映画「君たちはどう生きるか」を観てきた。噂を聞いていた通り難解な内容であったが、私なりの解釈をまとめてみた。

色即是空(しきそくぜくう):物事の本質に唯一の実体はない

これは仏教の教えであり、「色」はあらゆる物体や出来事を指し、「空」は恒常的な実体がないという曖昧な状態を指す。つまり、我々が日頃見たり体験したりしていることは、それが絶対的事実ということはなく、移ろいやすい存在であるということ。物事は、縁起によっていかようにも結果(解釈)が変化する。この映画を観た後の所感は、こんなところだろうか。目の前で起きている事実をどのように理解するのか、また、自らの将来の行動・考えによってその事実が持つ意味が変わってくる、そんなことを感じさせられる映画であった。

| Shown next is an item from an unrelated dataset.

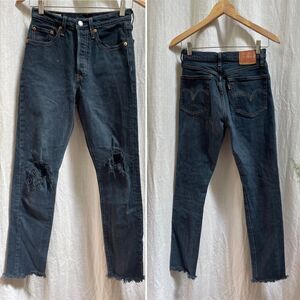 Levi’s 501 High Rise Button Fly Indigo Raw Hem Jean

ちなみに、仏教では「空」と「無」は明確に概念が異なる。からっぽ、何もない、といった事象は「無」であり「空」ではない。「空」は、絶対的、普遍的なものでなく、常に流動的であるという状態を指しており、何もない、存在しないということではない。なぜ「空」という漢字が使われているのか分からないが、我々が毎日見ている天空は、毎日そこにあるにもかかわらず、季節や雲の様子によってその様相は毎日異なることから来ているのかなと自分勝手に解釈している。


過去は変えられる。時空を超えた世界とのつながり

現在は過去の結果であり、未来は現在の先にある。この3事象は一方通行だと思いがちであるが、実は未来から逆算して現在を考えるというBackcastという思考法もあるし、現在・未来の行動によって、過去の出来事の意味が変わるということも現実である。


以前記載した、これに関連したブログはこちら


過去に起きた物理的な事実は勿論変えられない。自分の失敗に対してどれだけ後悔の念を抱いても、当たり前であるが時間が戻ってやり直せることはない。しかし、過去に起きた出来事の意味(価値)を、現在または未来の行動や思考によって変えることは可能である。過去の過ちを教訓に、その後の人生をより良いものにできるのであれば、この過ちも価値があったことになる。過去に自分が下した意思決定もそうだ。その意思決定を価値あるものにするか、悔やみ続ける間違い・過ちとするかは、実はその事実そのものよりも、その後の自分自身の行動と思考次第である。


この映画では、戦争で亡くなった主人公の母親が、あるパラレルワールド(映画では「下の世界」と呼んでいる)の中では少女の姿で現れるのだが、これは普通では辻褄が合わないことなのだが、戦争で母親が亡くなった事実を変えることはできないが、それをどのように受け止めて、母親に対する気持ちだけでなく、他の周囲の人に対してもどのような感情を持ち、どのような関係を築いていくのか、それには沢山の選択肢が存在する。それを決めるのは自分であり、周囲の世界をどう理解するのか、または自分自身をどう理解するのか、それがこの映画のテーマなのかなと考えている。


先日の父親の三回忌で、お坊さんが「別れは、新しい出会いの始まり」という言葉を教えてくれた。父親が亡くなって別れが到来したのだが、その後も父親との新しい出会いが始まっている、という意味だそうだ。過去の父親との関係を思い起こしたり、自分が知らなかった父親の生前のことを周りの人から聞いて新しい感情が芽生えたり、そうやって父親との新しい関係が始まるということなのだろう。

自分が見ている世界に、自分が写り込む

自分たちが見ている世界は、自分自身の思考、感情、知性、知識、記憶、偏見といった内在されている意識の眼鏡を通して認知されており、つまり、外の世界に自分が写り込んでいるようなものだ。自分を取り巻くモノやヒトや出来事は、味方にもなるし敵にもなる。支えにもなるし負担にもなる。好きにもなるし嫌いにもなる。楽しくもなるし苦しくもなる。嬉しくもなるし悲しくもなる。外から与えられた不変的なものなどなく、全ては自分が決めていることなのかも知れない。自分が変われば、世界も変わるのだ。


さあ、では君たちはどう生きるのか、そんな問いを投げかけられたのかも知れない。